Charities
Annual Disbursement Quota Changes for Registered Charities
Registered charities are generally required to expend a minimum amount each year, referred to as the disbursement quota (DQ). Currently, the DQ is equal to 3.5% of the registered charity’s property not used directly in charitable activities or administration.
The Budget proposes to make a number of changes to increase expenditures by larger charities and improve the enforcement and operation of the DQ rules.
Modifying the Rate of the DQ
Proposed in the Budget is the increase of the DQ rate from 3.5% to 5% for the portion of property not used in charitable activities or administration exceeding $1 million. Additionally, the Budget proposes to amend the Income Tax Act to clarify that expenditures for administration and management are not considered qualifying expenditures for the purposes of satisfying a charity’s DQ.

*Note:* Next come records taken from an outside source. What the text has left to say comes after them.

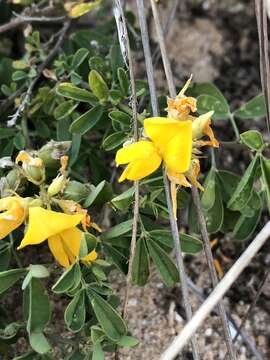 Imagem de Crotalaria medicaginea Lam.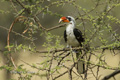 Von Der Decken's Hornbill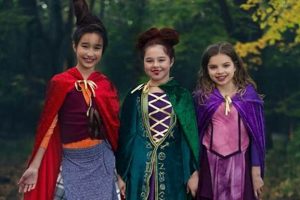 DIY Mary Sanderson Costume: Easy Hocus Pocus Outfit Ideas | The DIY Hub: Creative Crafts, Repairs & Life Hacks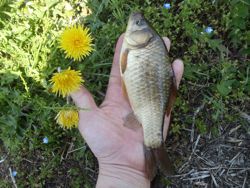 ファイル 1307-3.jpg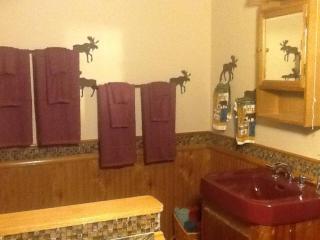 Log Cabin Adirondack Lodge on State Trail System - 5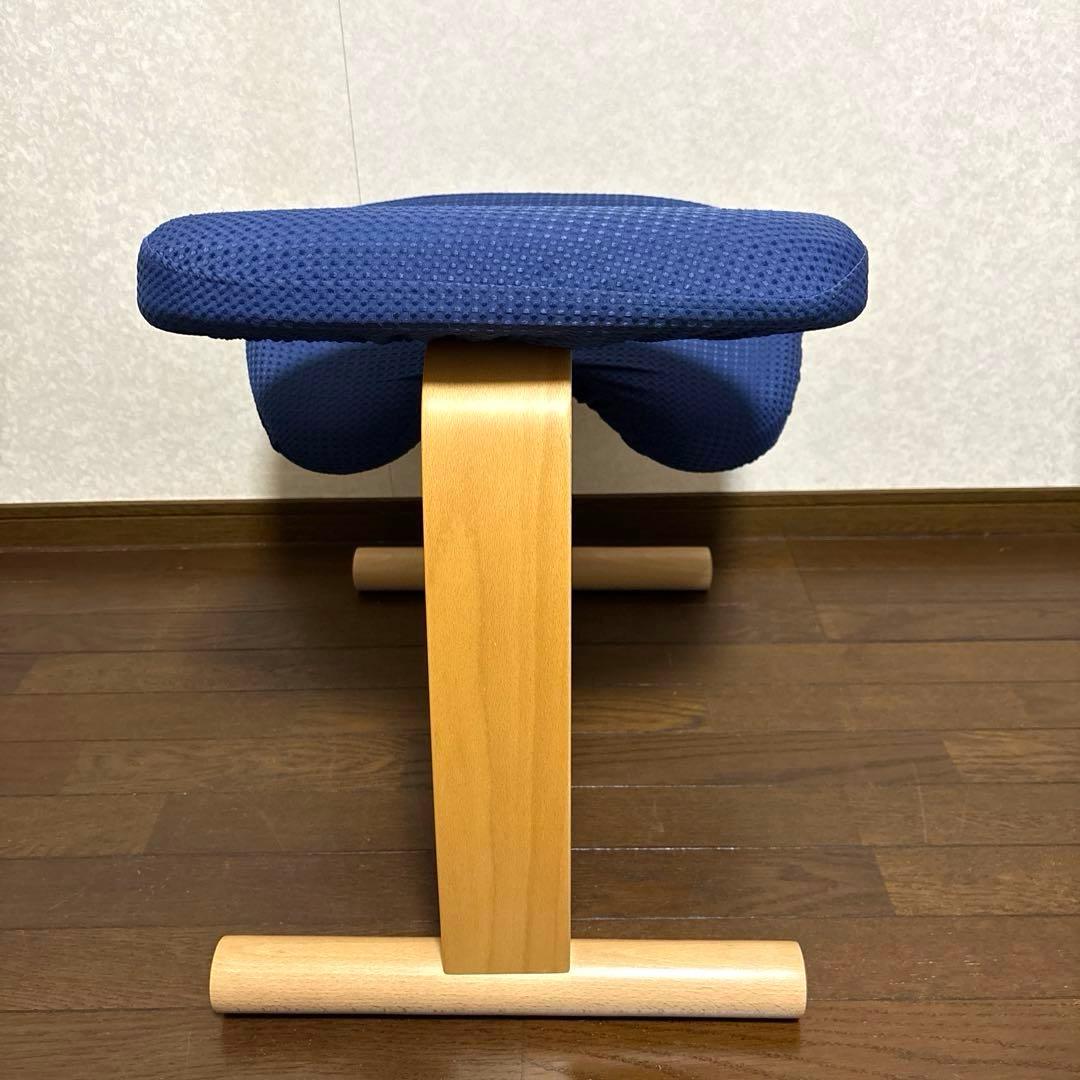 【美品】バランスイージー ブラウン ブルーカバー 通常フレーム オプション付き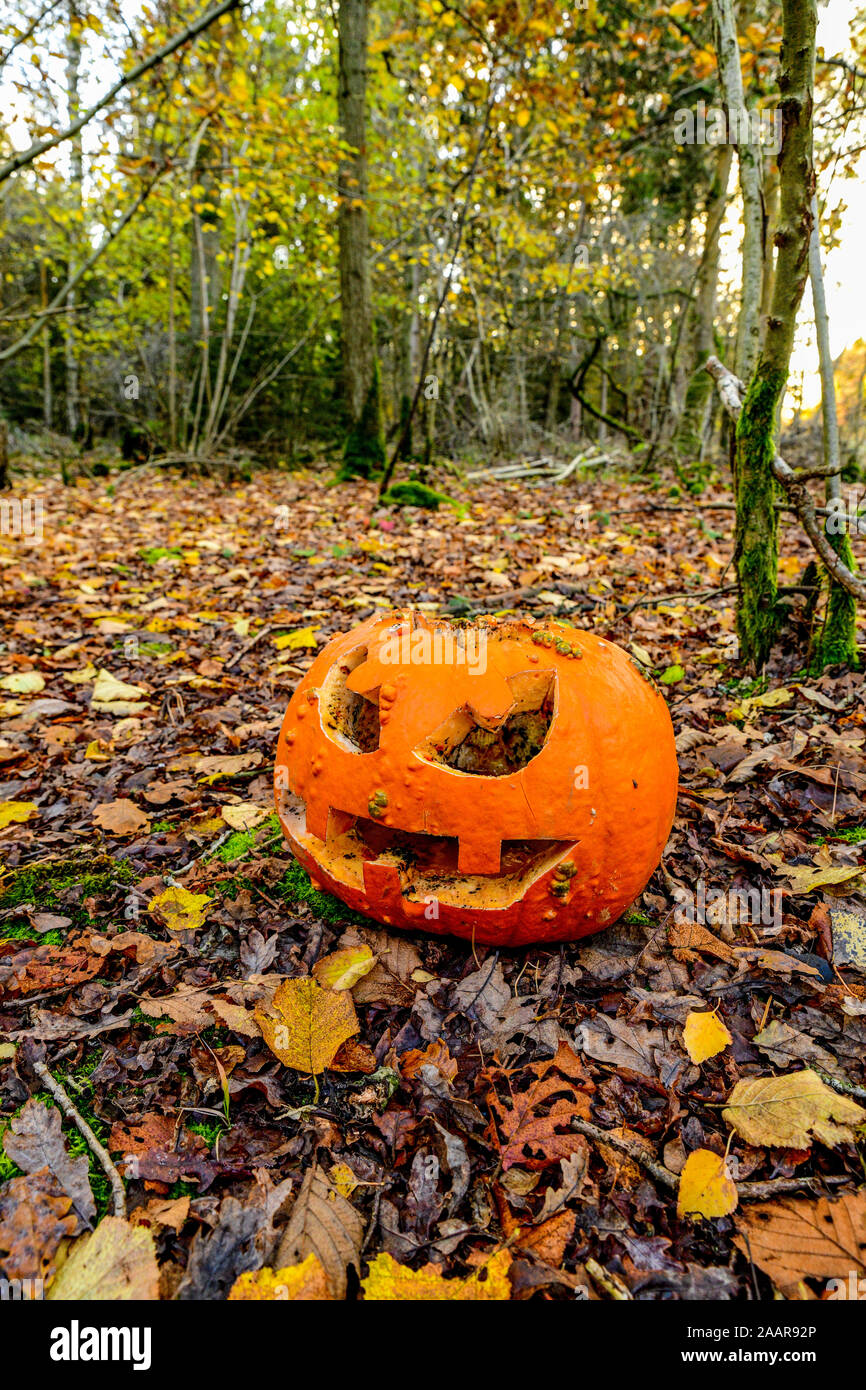 Citrouille Halloween : un jack-o'-lantern citrouille sculptée. Arrière-plan de l'Halloween. Pumpkin a été laissé dans les bois pour l'alimentation animale et de compost naturellement. Banque D'Images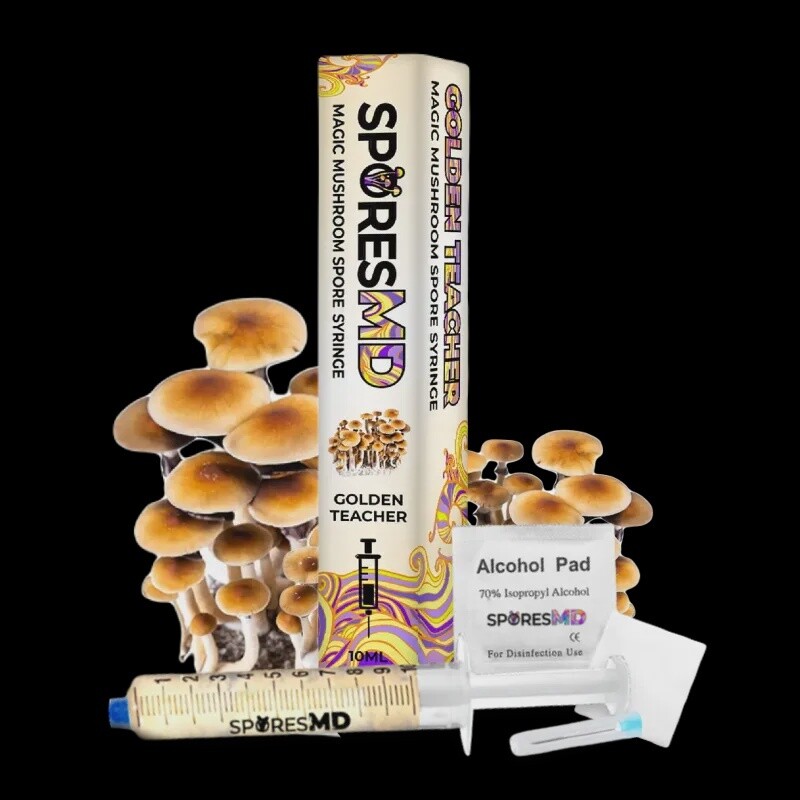 Golden Teacher Syringe | 10ml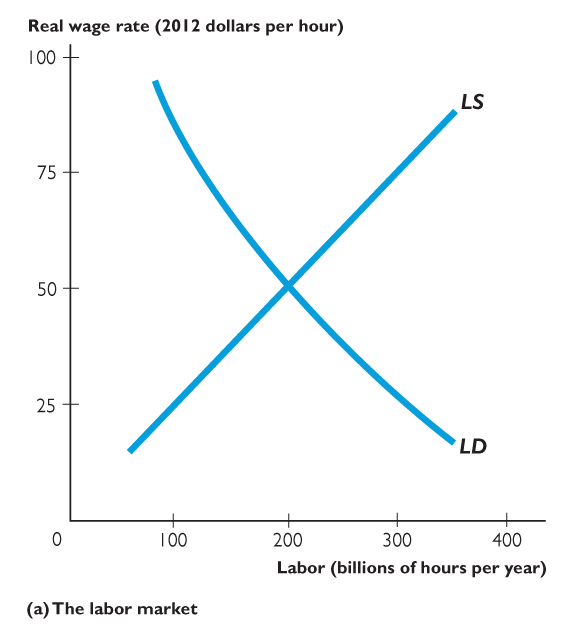 Labor market equilibrium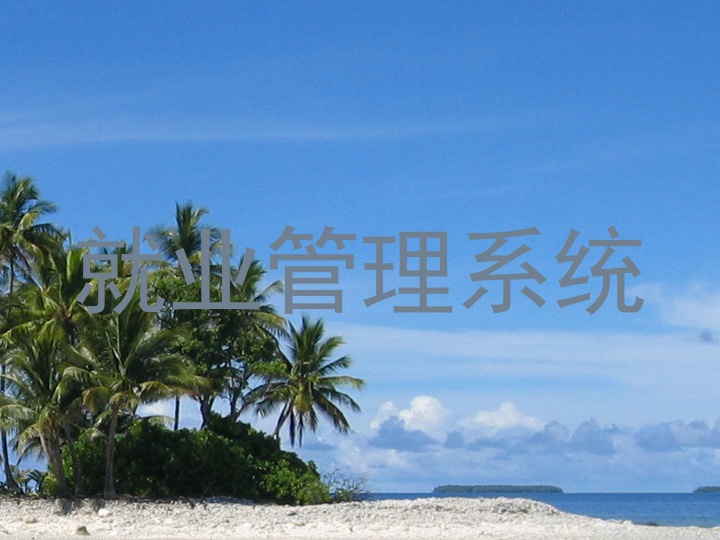 就业管理系统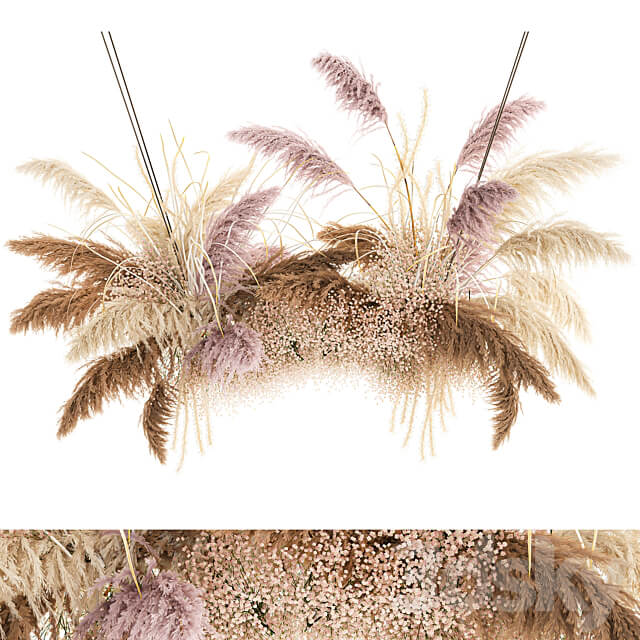 Bouquet 200. pampas grass dried flower reed suspension decoration branches dry decor natural decor dried flower decoration wedding eco design 3D Models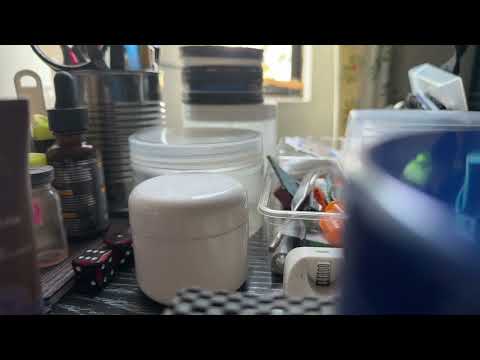 She's back! 08/12/2025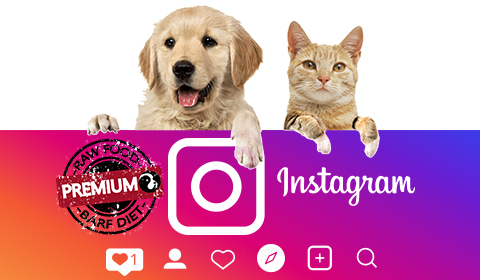 Seguenos en Instagram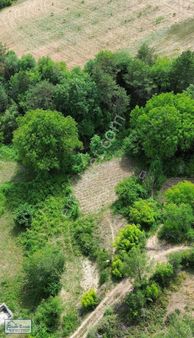 Gözde Emlak Geyve Çamlık Köye Yakın Resmi Yollu Hobi Bahçesi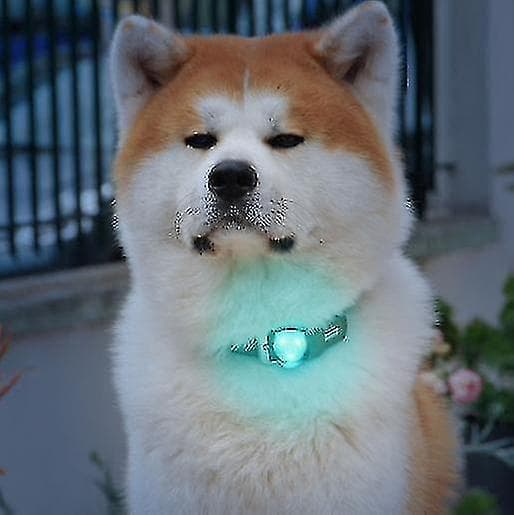 Hundehalsbåndlys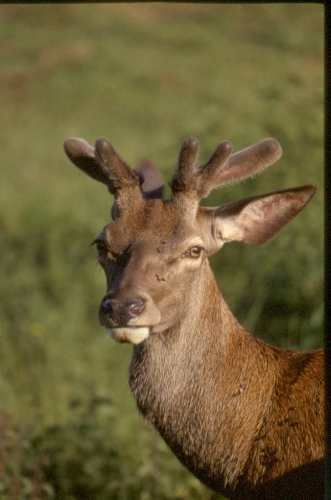Cerf en velour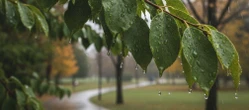 pogoda Pogoda na weekend w Toruniu 24-26 kwietnia. Czas pożegnać ciepło, idzie radykalna zmiana!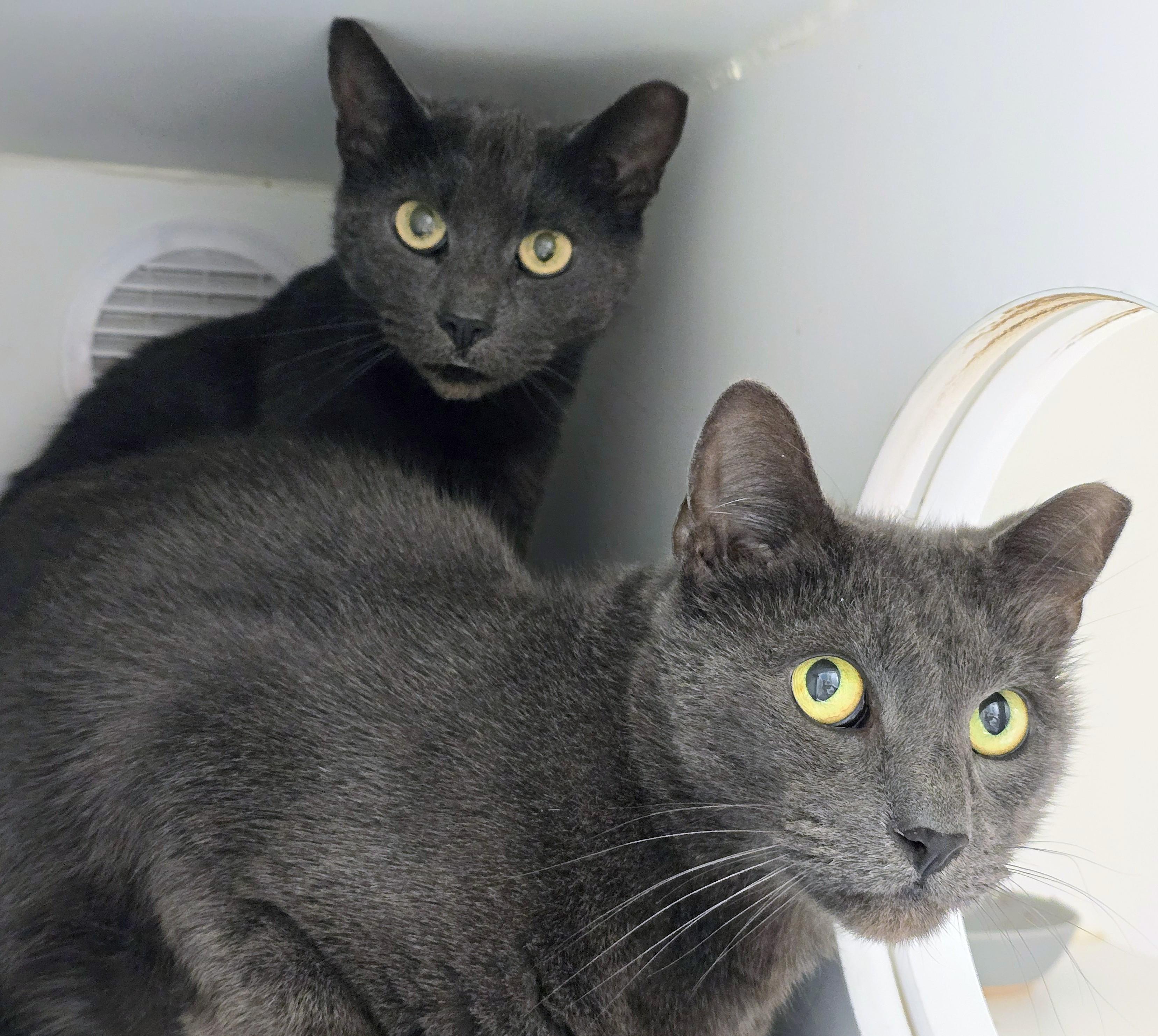 5-450 Fang & 5-451 Minx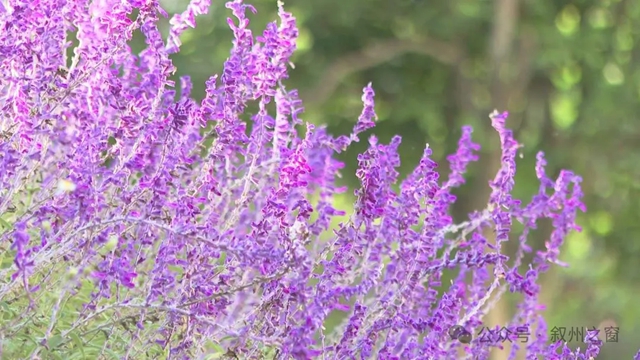 宜宾市口袋公园持续“上新”(图4) y4.jpg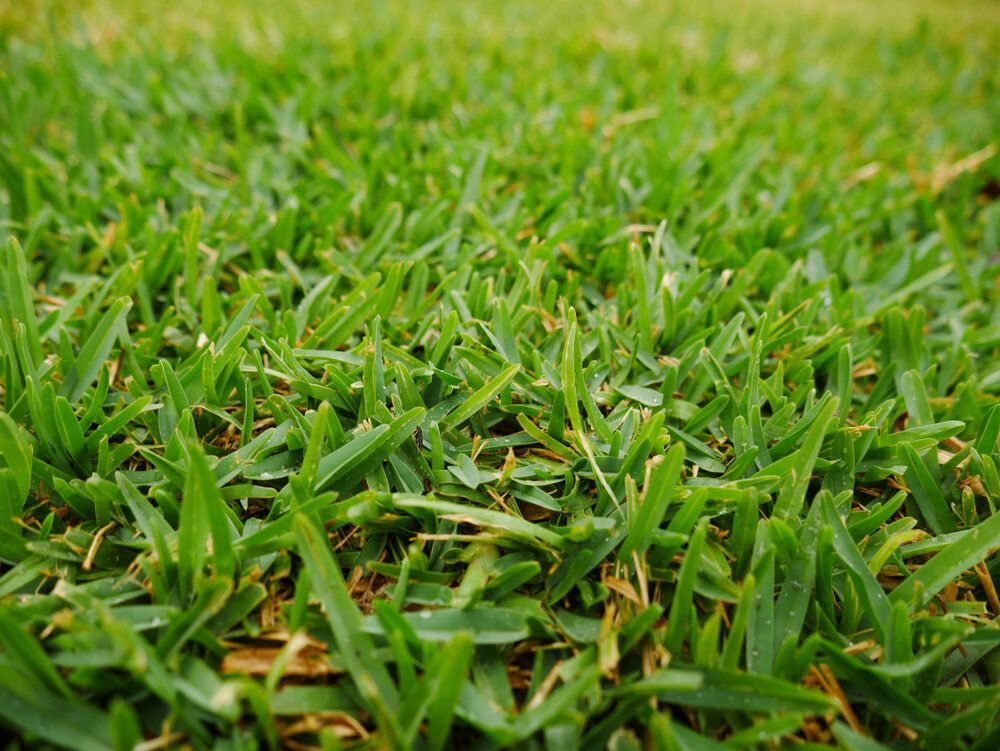 Green Grass Blades Growing Densely — Banksia Turf In Laurieton, NSW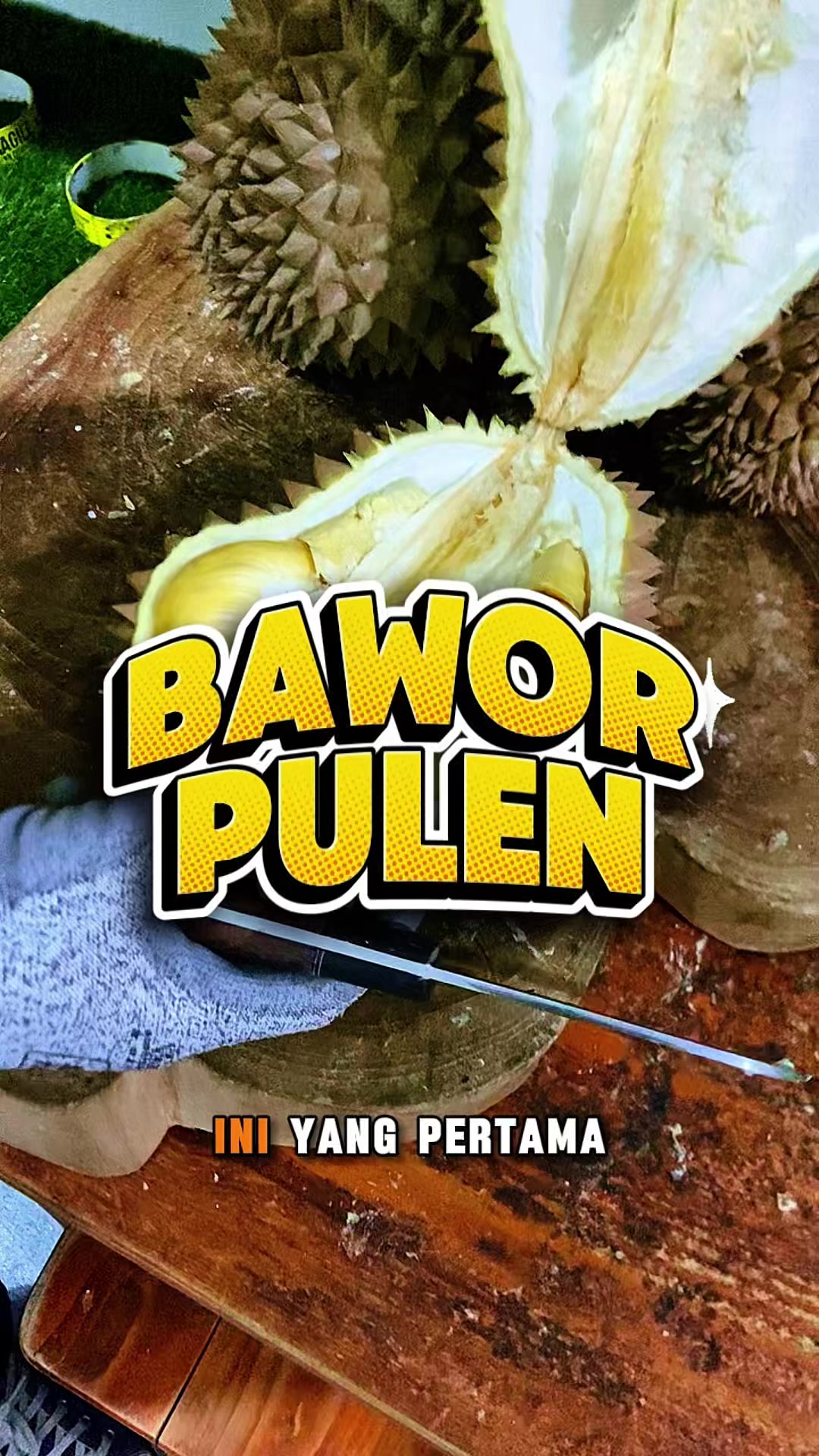 @CICIP DURIAN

Relief for Certain Circumstances
Charities unable to meet their DQ may apply to the CRA and request relief from the DQ requirement. If charities are granted relief they are deemed to have a charitable expenditure for the tax year.
The Budget proposes to amend the existing rules such that the CRA will have the discretion to grant a reduction in a charity’s DQ obligation for any particular year. For transparency purposes, the Budget proposes to allow CRA to publicly disclose information related to the decision of granting a charity’s DQ reduction.
In the Income Tax Act, a charity may also apply to CRA for permission to accumulate property for a specific purpose, and any property accumulated by a charity under such approval, including any income earned, is not included in a charity’s DQ calculation. Given the simplification of the DQ, which provides relief to charities, the accumulation of property rule is no longer necessary and the Budget proposes to remove the accumulation of property rule.
Applying New Measures
New DQ measures would apply to charities in respect of their fiscal periods beginning on or after January 1, 2023, and would not apply to approved property accumulations resulting from applications submitted by a charity prior to January 1, 2023.
Charitable Partnerships
The Budget proposes changes to allow charities to make qualified disbursements to organizations that are not qualified donees, provided they meet certain accountability requirements. With these new rules, additional measures designed to ensure compliance by charities are forthcoming.
Accountability Requirements
The Budget proposes to allow charities to make qualifying disbursements to organizations that are not qualified donees, provided that disbursements are in furtherance of the charity’s charitable purposes and the charity ensures that the funds are applied to charitable activities by the grantee.
To be considered a qualifying disbursement, charities would also be required to meet certain mandatory accountability requirements defined in the Income Tax Act. These requirements are designed to ensure that their resources will be used for charitable purposes.
Books and Records
The Budget proposes that charities are required to, upon the request of CRA, take all reasonable steps to obtain receipts, invoices, or other documentary evidence from the grantee to demonstrate amounts were spent appropriately. These new measures are to ensure that the CRA can verify that charitable resources have been applied for the purposes which they were granted.
Direct Donations
To avoid the risk of a charity acting as a conduit for donations to other organization, the Budget proposes to extend an existing provision in the Income Tax Act, which currently applies to registered Canadian amateur athletic associations and registered journalism organizations, to registered charities. The rule would prohibit registered charities from accepting gifts, the granting of which was expressly or implicitly conditional on making a gift to a person other than a qualified donee.
Applying New Measures
These changes would apply as of royal assent of the enacting legislation.